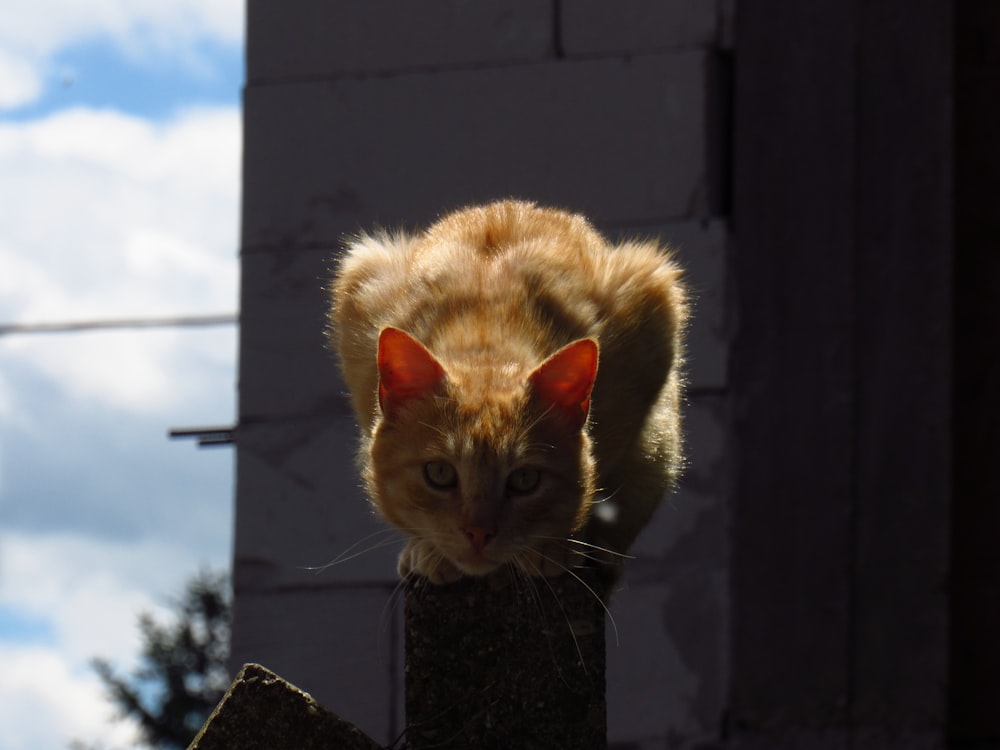orange and gray tabby cat standing on wooden pot during dayitme
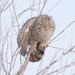 Asian Wildcat - Photo (c) andriy, some rights reserved (CC BY-NC), uploaded by andriy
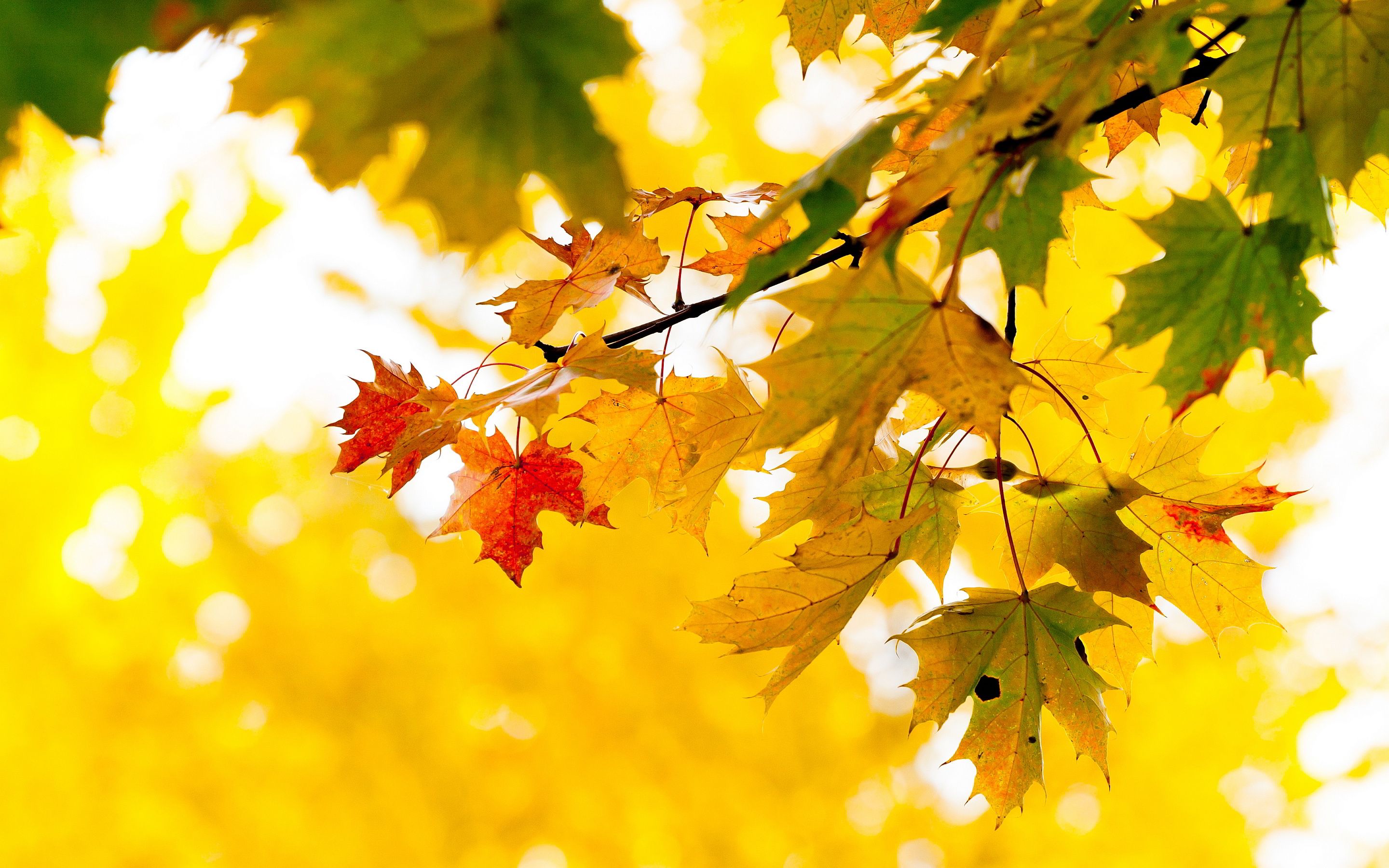 زیباترین تصویر زمینه زرد برگ های درخت افرا با کیفیت عالی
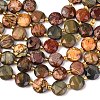 Natural Picasso Jasper/Polychrome Jasper Beads Strands G-C116-A118-01-2
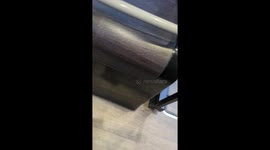 Trent Barton Bus Crashes into Nottingham City Transport Bus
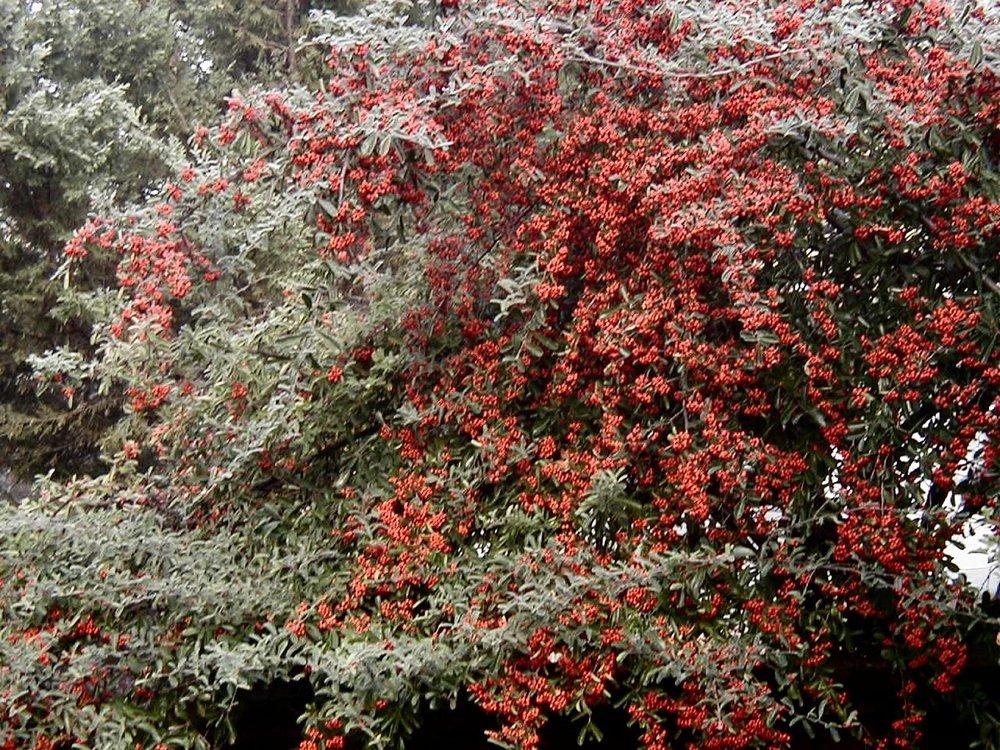 Photo of Cotoneaster uploaded by RoseBlush1
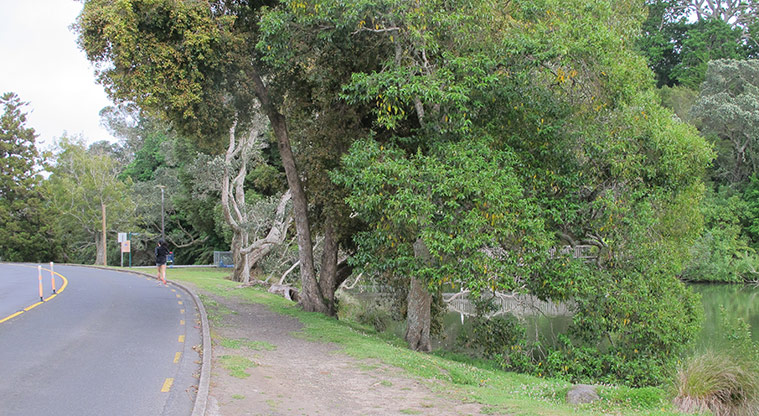 Chelsea Heritage Path - Path runs alongside the internal road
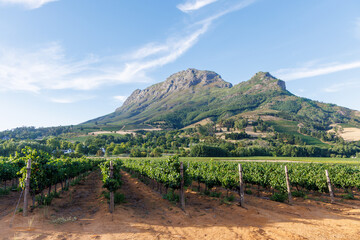 Naklejka premium Sunlit vineyard rows with mountain backdrop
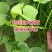 玛莎莉红薯苗玛莎莉红薯苗玛莎丽红薯苗玛莎莉地瓜苗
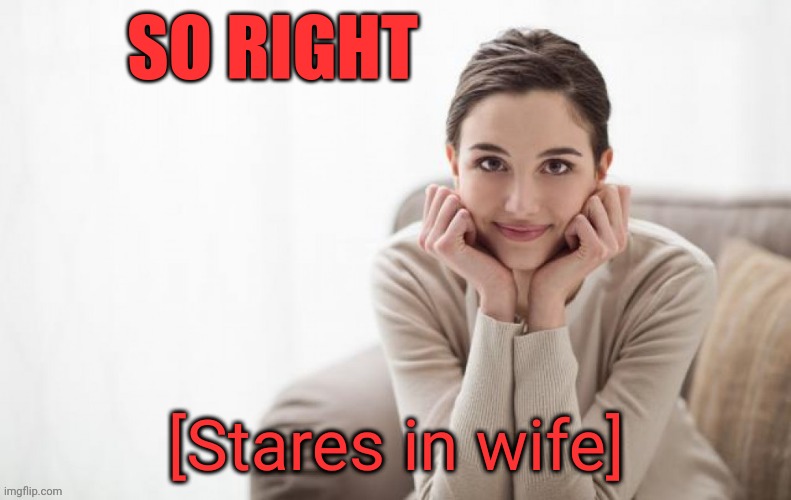 stares in wife | SO RIGHT | image tagged in stares in wife | made w/ Imgflip meme maker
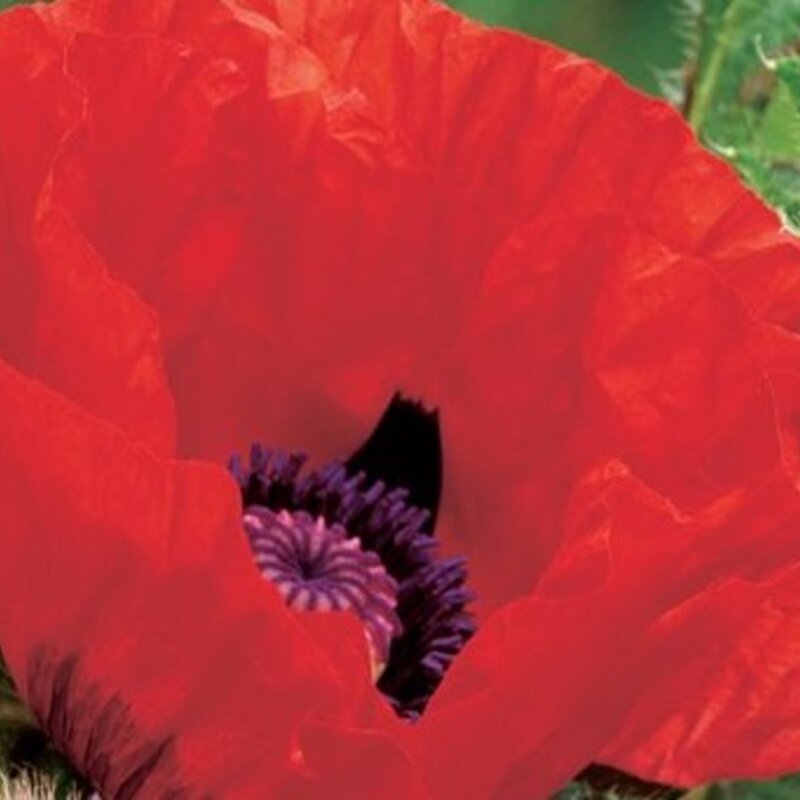 Poppies - Brilliant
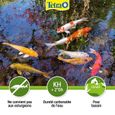 TETRA Anti algue pour bassin de jardin - Tetra Pond Algorem - 250 ml-3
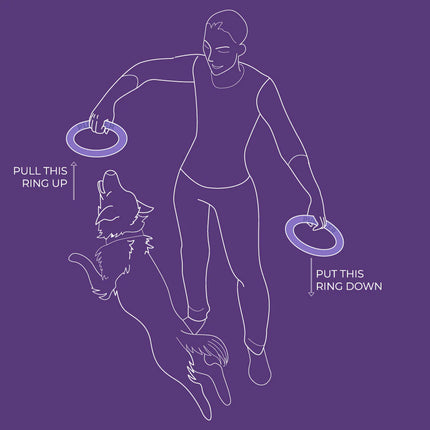 Puller Dog Fitness Tool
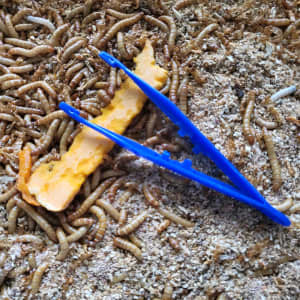 Mealworms tweezer feeding tools reptile feeder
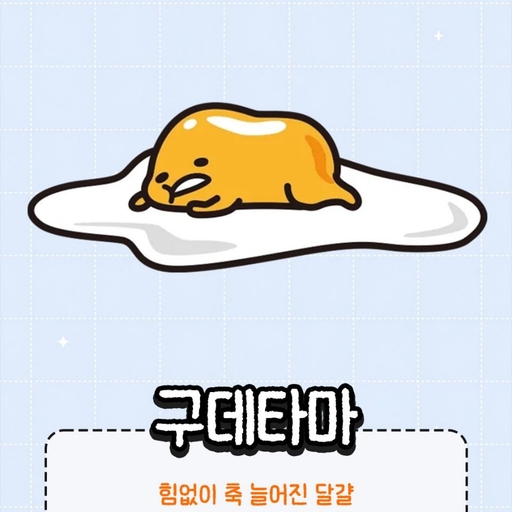 피드 이미지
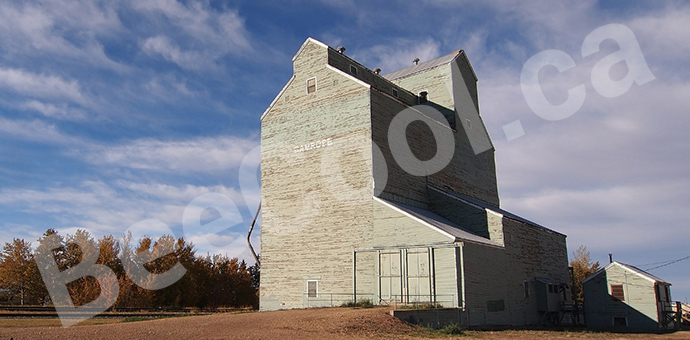 Glass Coatings and Window Tinting in Camrose.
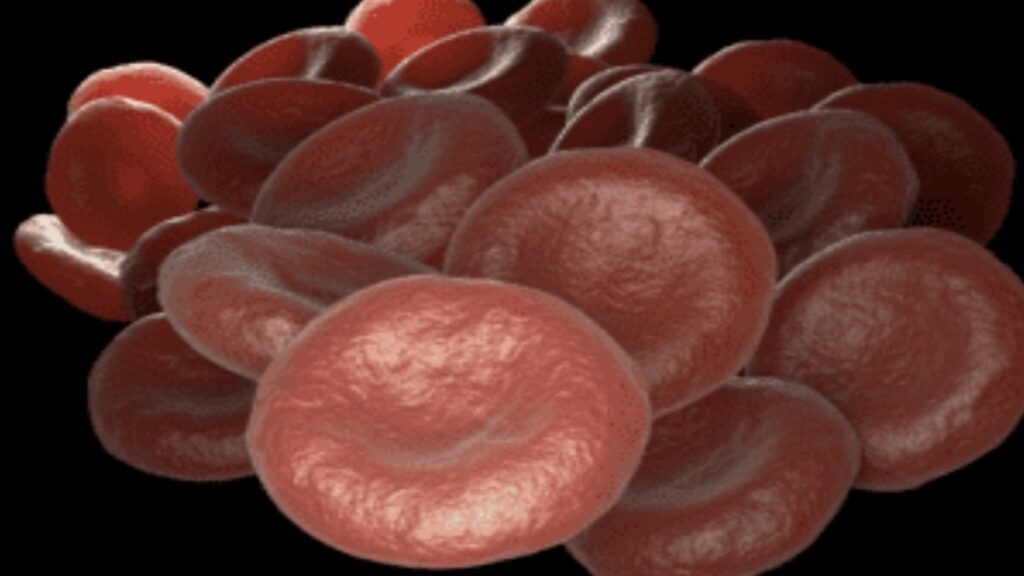 كريات الدم الحمراء التي تحوي الهيموجلوبين اللازم لتوصيل الأكسجين للخلايا - انيميا نقص الحديد elements.envato
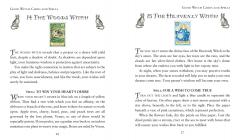 The Modern Wiccan Box of Spells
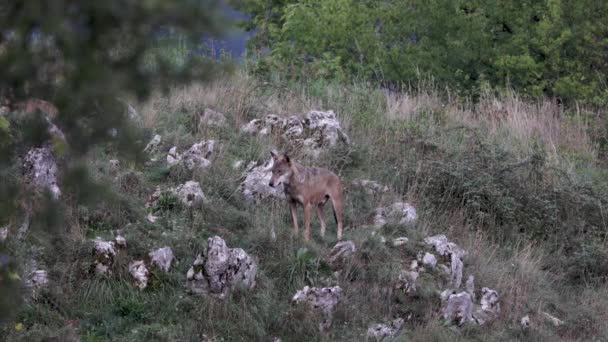 Italian Wolf Canis Lupus Italicus Unique Subspecies Indigenous Gray Wolf — Stockvideo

########################################

Pictures aside, print exactly the lines above starting with the one containing "Trent Barton Bus" and going on through the one containing "stares in wife | SO".

 Trent Barton Bus Crashes into Nottingham City Transport Bus
 Photo of Cotoneaster uploaded by RoseBlush1
 Chelsea Heritage Path - Path runs alongside the internal road
 Naklejka premium Sunlit vineyard rows with mountain backdrop
 玛莎莉红薯苗玛莎莉红薯苗玛莎丽红薯苗玛莎莉地瓜苗
 stares in wife | SO RIGHT | image tagged in stares in wife | made w/ Imgflip meme maker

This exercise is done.